:: Caption-style text data ::
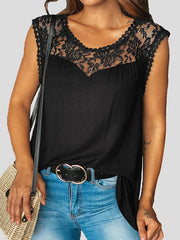 Women's Tank Tops Casual Lace Panel Sleeveless Tank Top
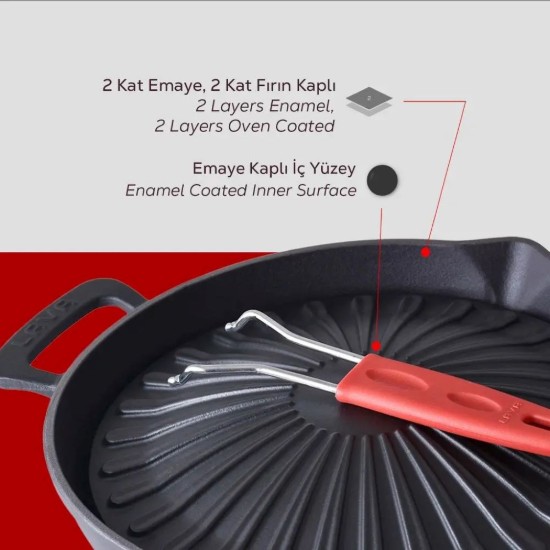 Sartén grill, hierro fundido, 32 cm - LAVA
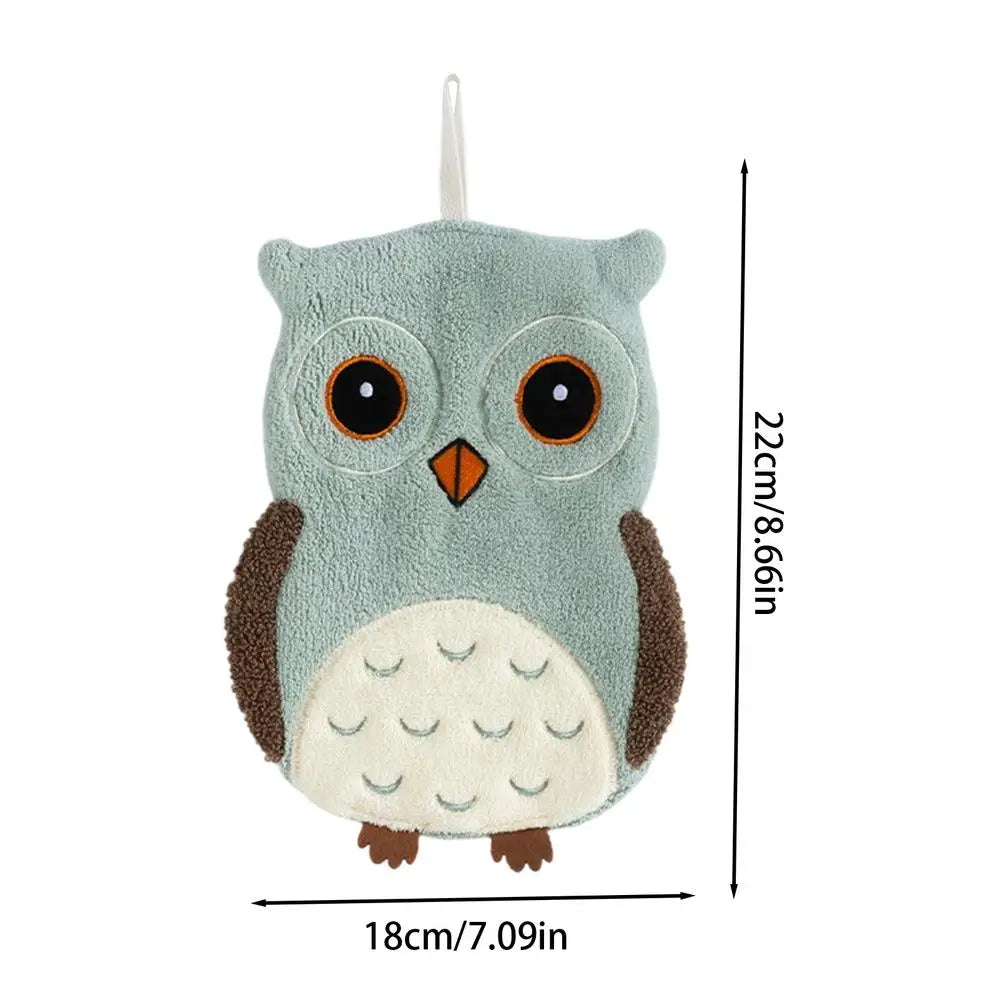 Cute Owl Hanging Hand Towel – Soft Kids Kitchen Bathroom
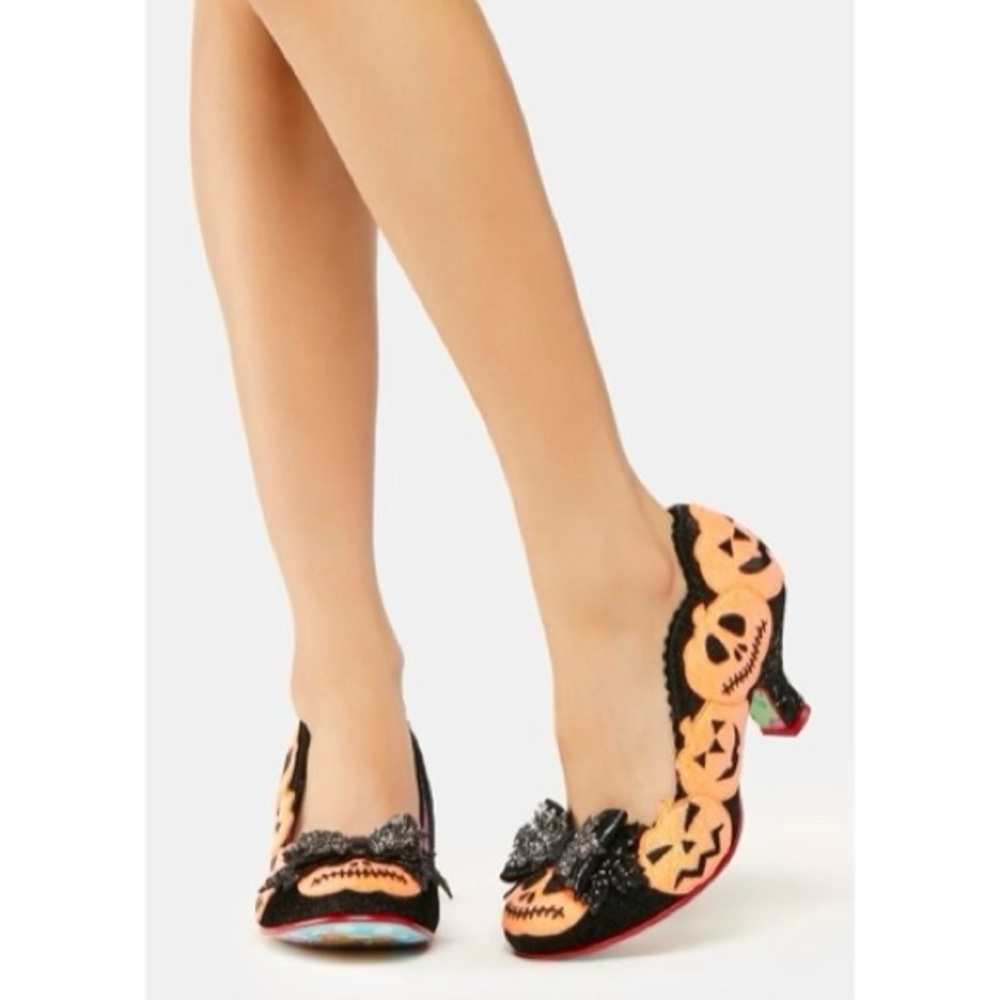 nib irregular choice pumpkin carving low heels us 7 uk halloween bow shoes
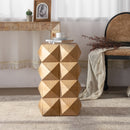 23.62'Height Three-dimensional Embossed  Pattern Design Retro Side Table,Retro Wooden Nightstand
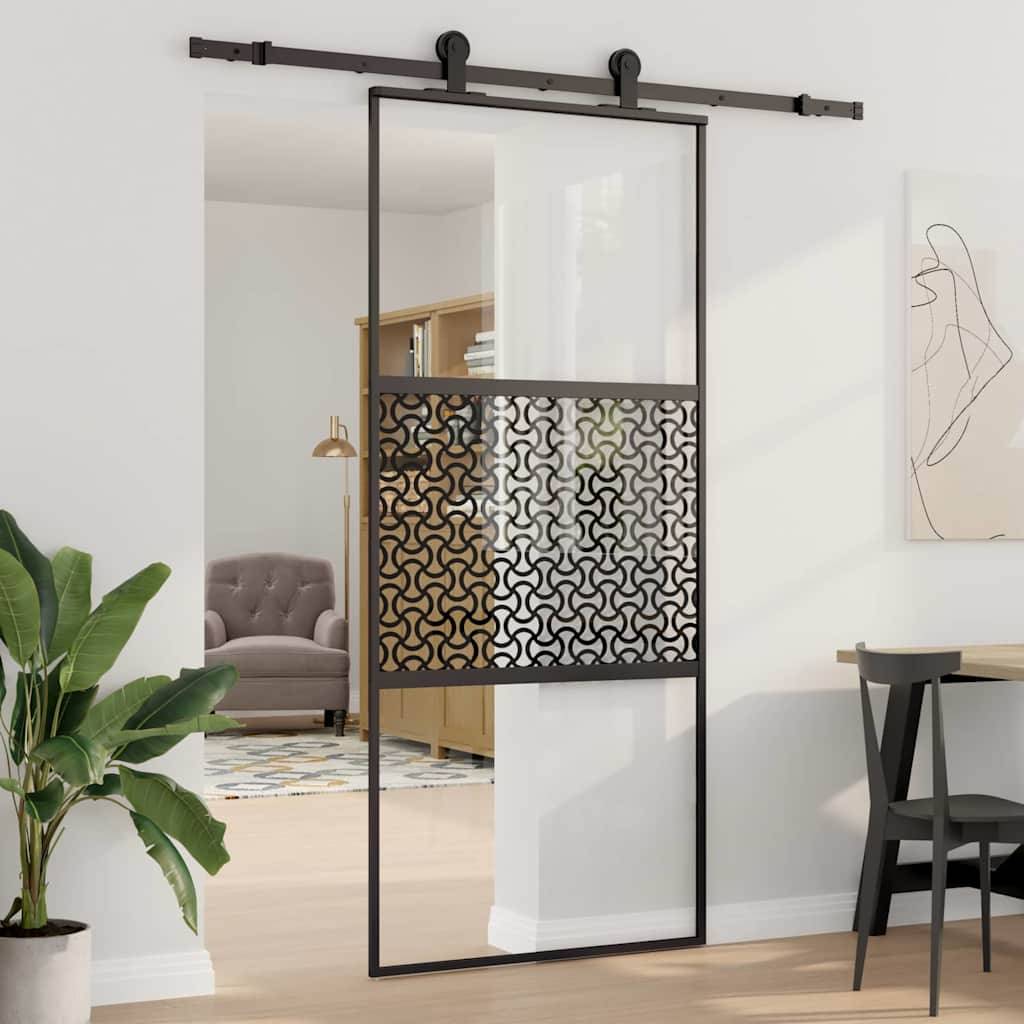 vidaXL Glastür Schwarz 90 x 2 x 205 cm Aluminium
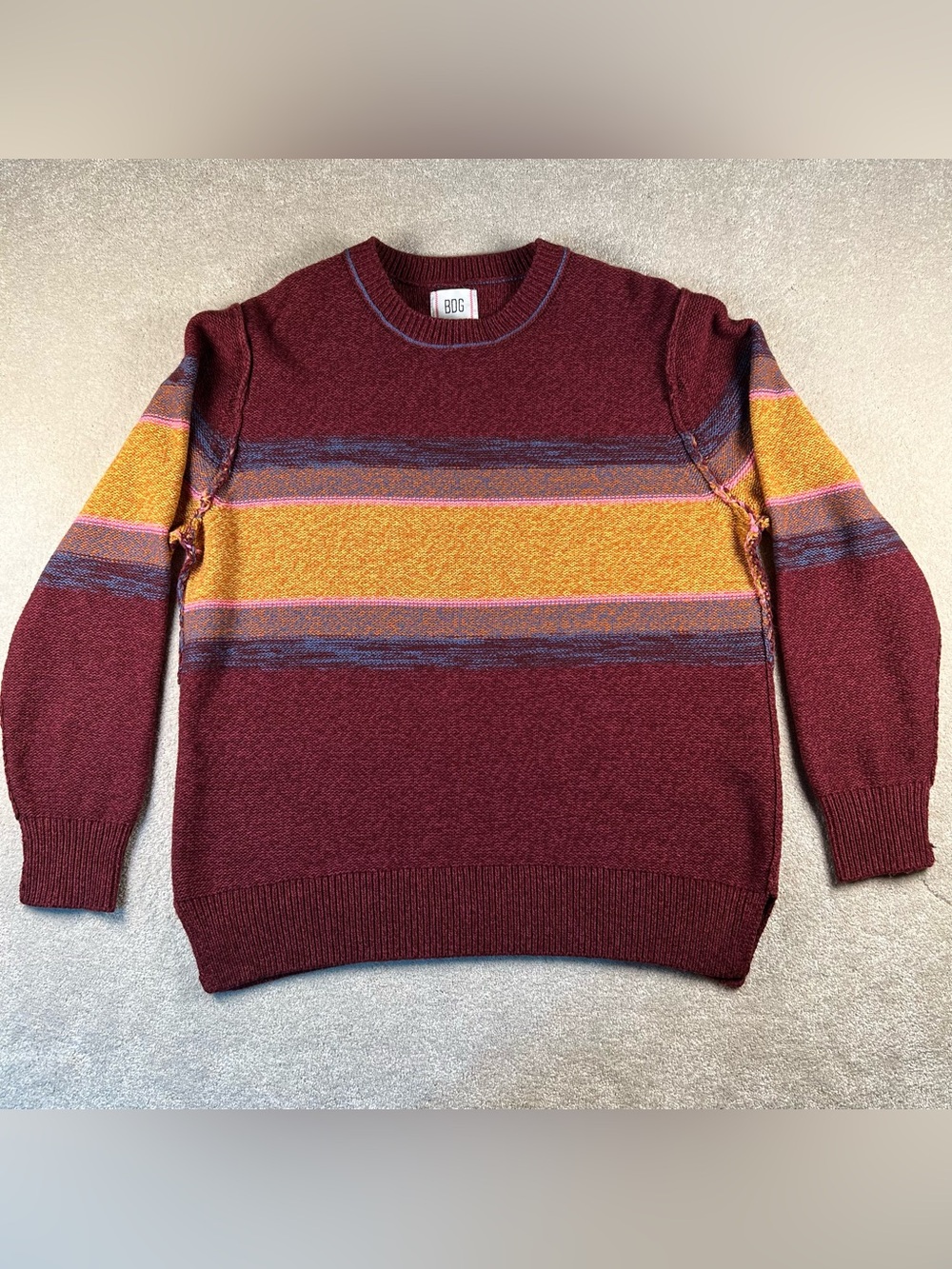 BDG Sweater Red Yellow Stripe Crew Oversized Urban‎ Outfitters Women Small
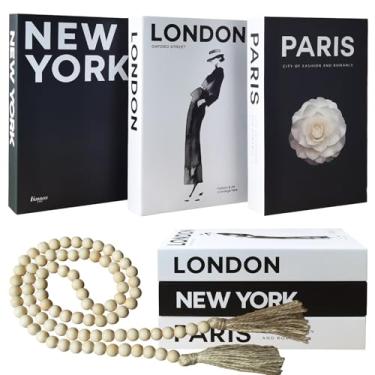 Imagem de Livros decorativos para decoração de casa, conjunto de 3 livros falsos preto e branco com borlas de contas de madeira, decoração de quarto estética para decoração de mesa de café, sala de estar,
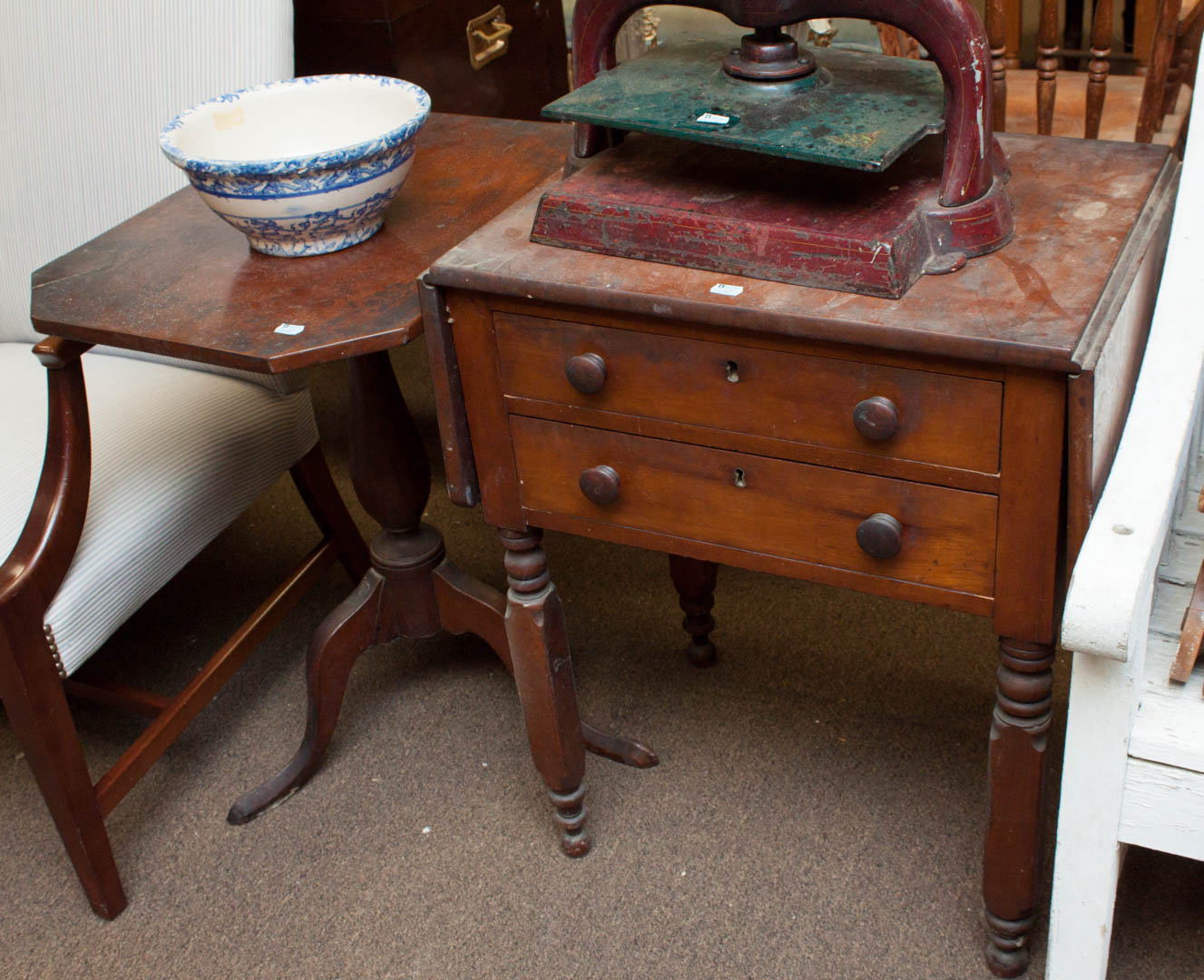 Appraisal: Drop end two-drawer worktable and a candle stand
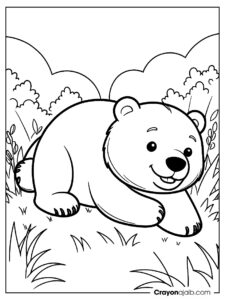 Happy bear cub coloring page ca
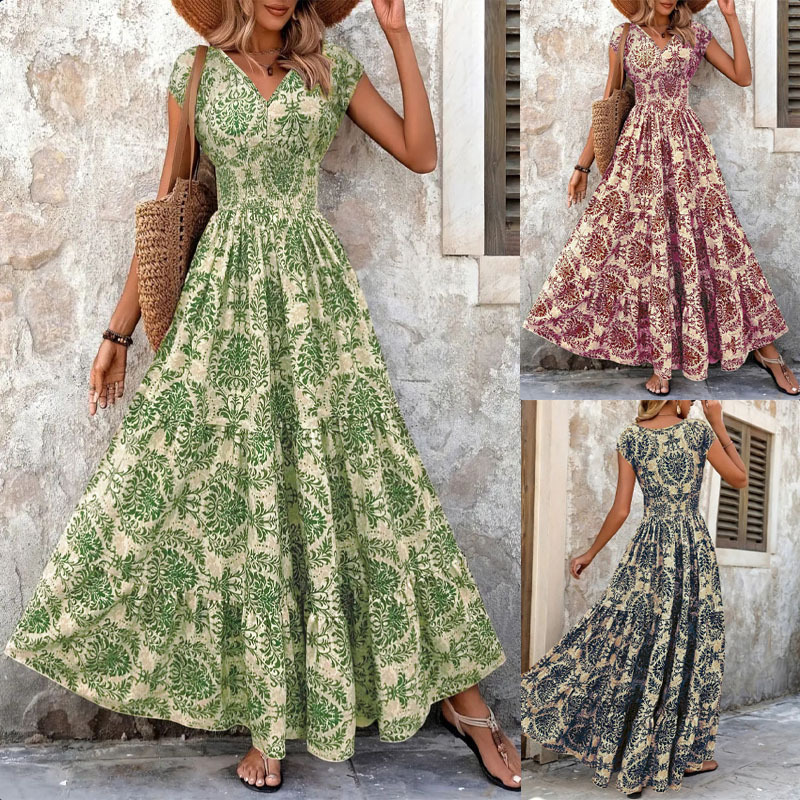 AliExpress 2026 Vintage Floral Print Dress Elegant V-Neck Short Sleeve Long Women's Fashion Retro Gown, view 6
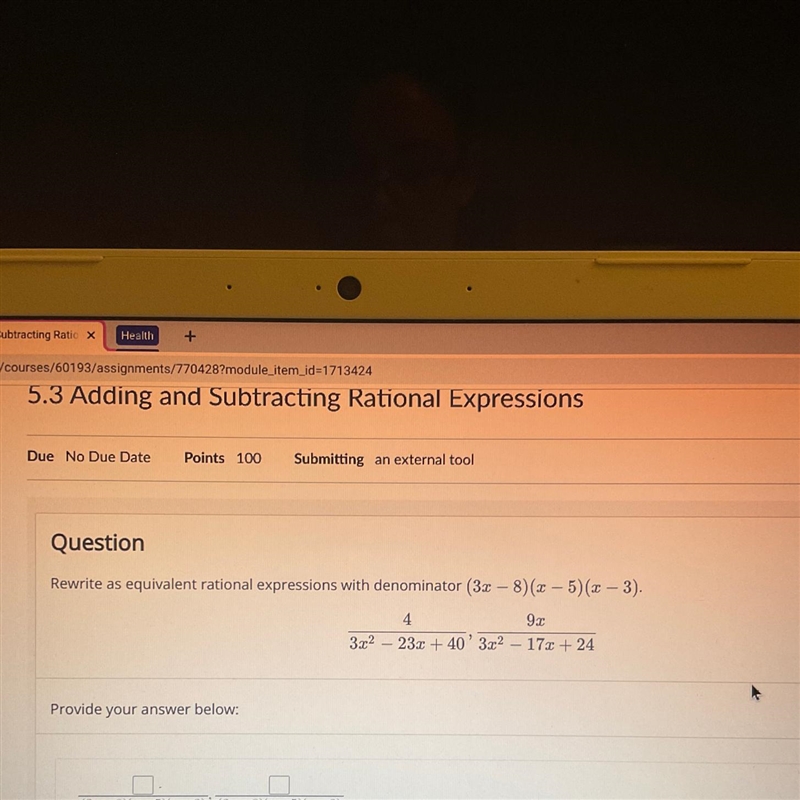 Rewrite as equivalent rational expressions with denominator (3x-8)(x-5)(x-3)-example-1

:: Exercise requirements ::
Pictures in the entries do not go into the copy. Print only the lines starting at the one containing "Cute Owl Hanging" and ending at the one containing "Happy bear cub coloring page ca", exactly as they appear.

:: Answer ::
 Cute Owl Hanging Hand Towel – Soft Kids Kitchen Bathroom
 nib irregular choice pumpkin carving low heels us 7 uk halloween bow shoes
 23.62'Height Three-dimensional Embossed  Pattern Design Retro Side Table,Retro Wooden Nightstand
 vidaXL Glastür Schwarz 90 x 2 x 205 cm Aluminium
 BDG Sweater Red Yellow Stripe Crew Oversized Urban‎ Outfitters Women Small
 Imagem de Livros decorativos para decoração de casa, conjunto de 3 livros falsos preto e branco com borlas de contas de madeira, decoração de quarto estética para decoração de mesa de café, sala de estar,
 Appraisal: Drop end two-drawer worktable and a candle stand
 Happy bear cub coloring page ca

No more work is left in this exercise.